Director Matthew Vaughn will be forever in my list of great filmmakers for Layer Cake and Kick Ass. The latter film found pleasure in a kind of sordid social satire. Kingsman: The Perfect Circle wants to weave in layers of said satire that involves the US President (Bruce Greenwood — no stranger to the chief exec as he played JFK in 13 Days) wanting to put all the drug users in the world in interment camps, and that includes his chief of staff Fox (Emily Watson). While not totally without a few smiles for the most part this attempt at humor floats like a lead balloon.

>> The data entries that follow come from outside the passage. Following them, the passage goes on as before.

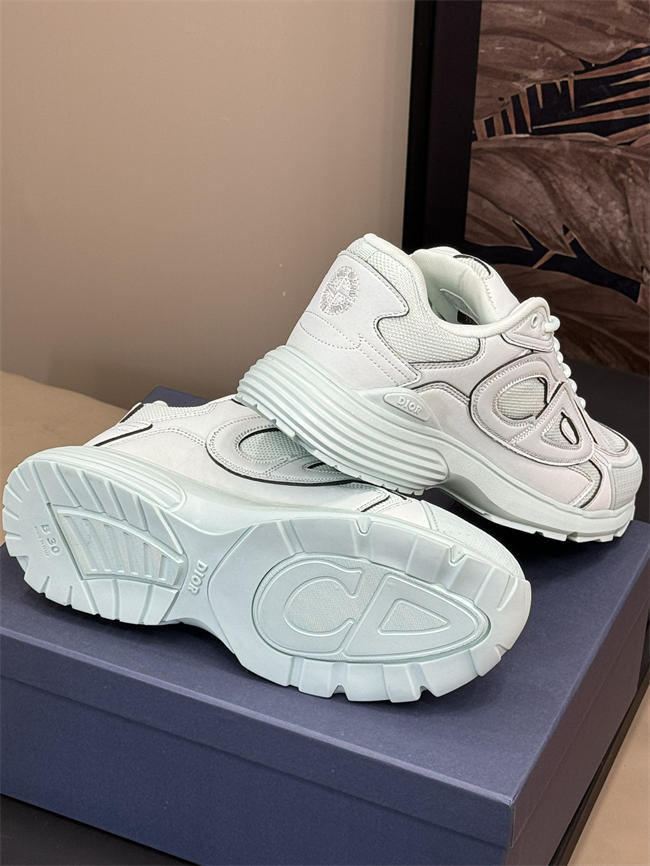 DIOR B30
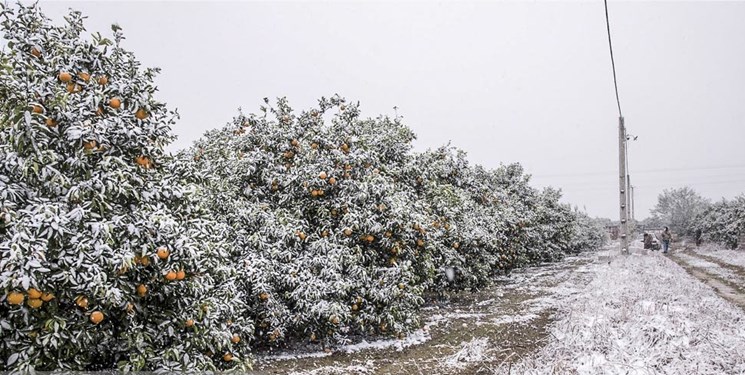 برف و باران در کشور تا پایان هفته/هشدار کاهش دما تا 20 درجه و توصیه به کشاورزان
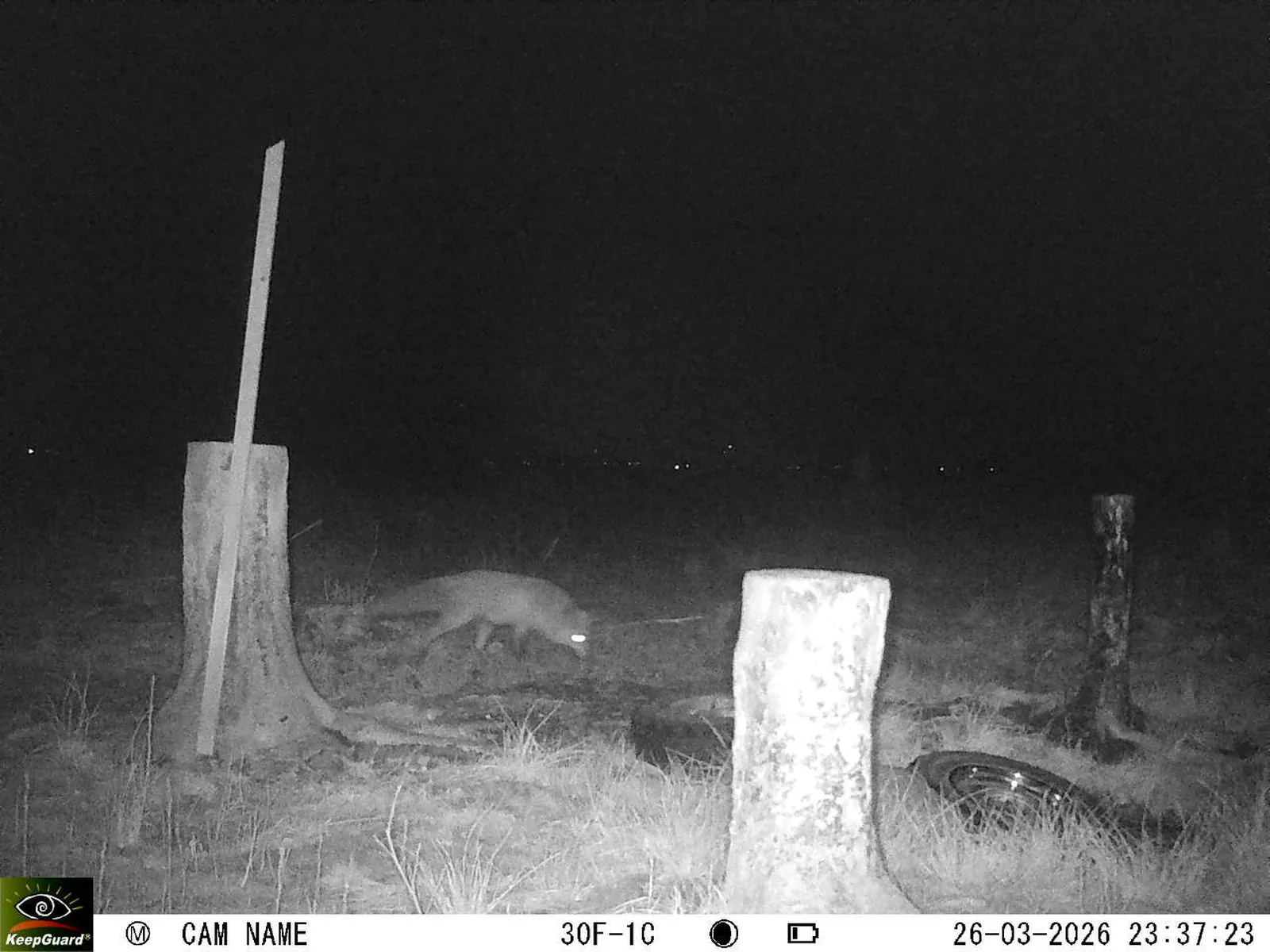 Bild: 1774561293192750056_03260648.webp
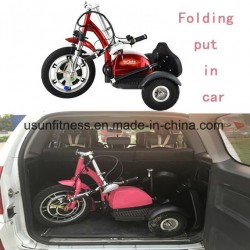 350W48V Front Back Suspension New Citycoco Harlley Three Wheel Electric Scooter/Cheap Electric Trike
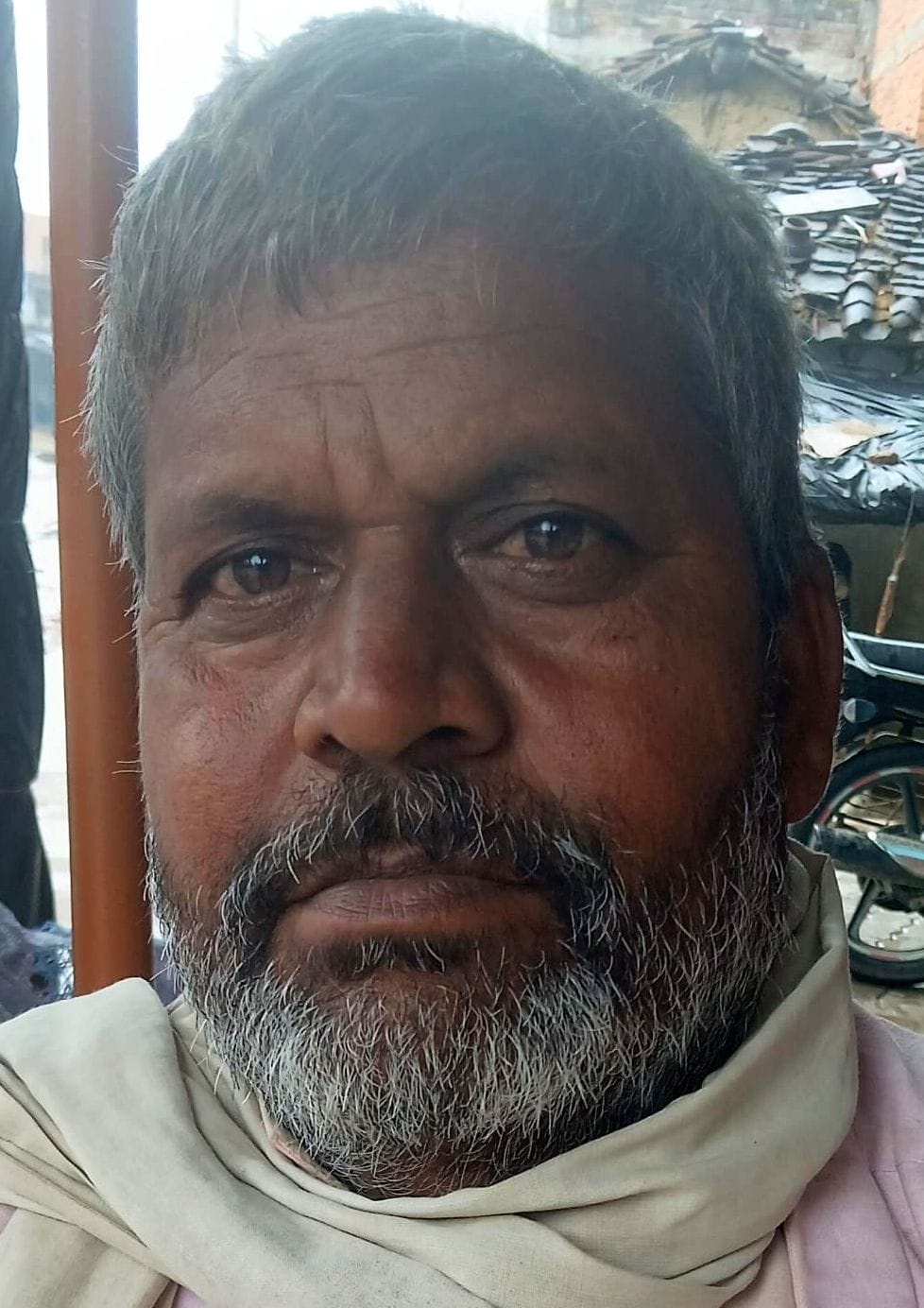 फोटाे 01 एमएएचपी 19 परिचय-कुलपहाड़ क्षेत्र में पाले से इस तरह प्रभावित हो रही सरसों की फसल। संव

Also, Vaughn cast Elton John in a sizable role playing himself and then allows the rock star to shamelessly mug to the camera. And he inexplicably brings Colin Firth back to life after being killed at point blank range in the original Kingsman.
Don’t worry, there will be a Kingsman 3 in your holiday stocking in a few years. For those who grew up with spy genre movies Kingsman: The Golden Circle resembles In Like Flint more than James Bond.
Kingsman: The Golden Circle opens wide this weekend.
On a brighter note, an undisputed heavyweight of 20th century cinema unwinds at the Museum of Fine Arts, Houston this Saturday afternoon.
Stalker from Russian filmmaker Andrei Tarkovsky demands to be seen on the big screen.
In European countries, a stalker is a word used to describe a person who takes willing participants into uncharted or banned territories. For instance, a friend on mine showed me a cell phone video of a trip to a closed amusement park she partook of while on a trip to Germany that was guided by a stalker. It’s well known that a person can travel to the cordoned off area around Chernobyl using stalkers as ad hoc guides.
Articles on Stalker (1979) tend to characterize the film as sci-fi, and perhaps this is because Tarkovsky previously directed the film Solaris (1972), an excursion into outer space that was even more metaphysical than Stanley Kubrick’s 2001: A Space Odyssey. But that’s like calling A Clockwork Orange sci-fi.
Usually when I think of sci-fi it relates to a film like The Martian or even Event Horizon.
In Stalker, two men, a scientist and a writer, hire a stalker to take them to an area the size of a New England that has been fenced off by the government. The area is totally banned yet rumors suggest that there is a dwelling area that has superficial effects on visitors. Hell, I’m signing up for that trip right now. The “zone” makes the Marfa Lights looks like the hoax it is.
Tarkovsky starts the film with a monochromatic sepia tone and only resorts to color when the characters are in the zone. Perhaps not oddly, a climatic fight sequence in the current film Atomic Blonde takes place in an East German movie theater showing Stalker in 1989.
Personally, your humble scribe has only seen Stalker once and that was at a film festival in 2024. It was a late afternoon screening and I’d been watching films all day since 8 am. The location altitude of 8000+ feet may have induced a bit of sleepiness and for a couple of minutes; I was in a hypnogogic state watching the film. I swear to you as I was watching the film I would doze off for a few seconds and in that time I was hearing the film in English. And then when I would wake up the film was back in Russian. True story.
British writer Geoff Dyer has written a book titled Zona: A Book About a Film About a Journey To a Room, which is essentially a 217-page essay on Tarkovsky’s movie.
On page 46 Dyer writes: “In his poem ‘The Movies’, Billy Collins says he’s in the mood to watch a film in which ‘someone embarks on a long journey, a movie with the promise of danger.’ I like movies like that too, whether the journey is by boat (Apocalypse Now, Deliverance), train (Von Ryan’s Express) or car (take your pick). The idea of a road movie is almost tautologous in that all movie are — or should be — journeys, it’s just that some of them are so tedious you’d rather be on a bus from Oxford to London. Stalker is a literal journey that is also a journey into cinematic space and — in tandem — into time.”
Stalker unwinds at the MFAH on Saturday, September 23 at 2 pm.